Construction trade unions are planning a major recruitment drive to help raise support for strike action against the eight electrical contractors intending to leave the current pay agreement.
Speaking at the latest protest at Farringdon Station in London, Unite assistant general secretary Gail Cartmail told H&V News she had met union chief Len McCluskey to discuss holding a ballot.
“We have got to get a move on because the trigger will be pulled at the beginning of December.
“We are meeting with workers at sites up and down the country and our absolute objective is to recruit members to improve density.
“We are determined to hold a ballot as soon as possible.”
The eight contractors at the heart of the dispute are Bailey Building Services, Balfour Beatty Engineering Services, Tommy Clarke, Crown House Technologies, Gratte Brothers, MJN Colston, SES and Spie Matthew Hall.
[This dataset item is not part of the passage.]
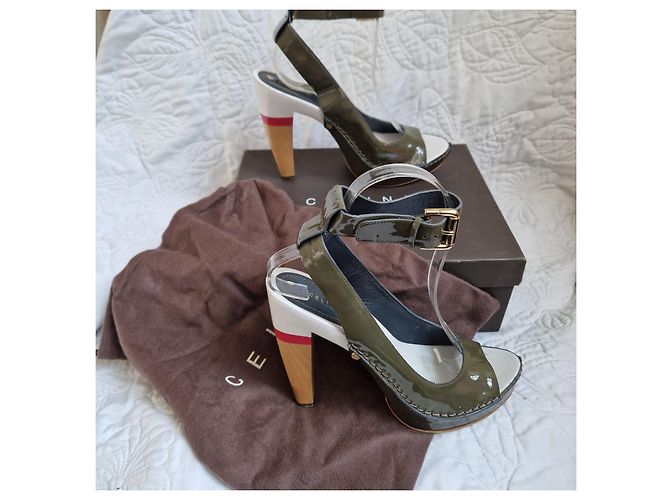 Céline Celine Décolleté platform in pelle verniciata Marrone Bianco Verde - vista 7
Union officials claimed Balfour Beatty is threatening 890 employees with redundancy if they refused to sign a new pay agreement which would see their wages cut dramatically.
The employers are proposing a new agreement which, according to union members, will involve reducing the average wage by up to 35 per cent and introducing a new grade of worker.
The new grade will be a semi-skilled worker who will install all of the containment and wiring - the work which currently takes up 70 per cent of electricians’ time.
Labour MP for Hayes and Harlington John McDonnell the protesting electricians to join a major public sector demonstration in November.
Mr McDonnell said: “If Balfour Beatty get away with cutting wages in this dispute then other companies wil do it across the country.
“This dispute is critical to the trade union movement.
“These companies are hear to cut wages and put people on the dole.”
Mr McDonnell pledged to take the dispute to parliament when MPs returned from the current recess.
He added: “We will expose construction companies intention to cut wages and jobs in parliament.
“Your wages are being cut but what isn’t being cut is directors pay and profits – they are milking this industry.”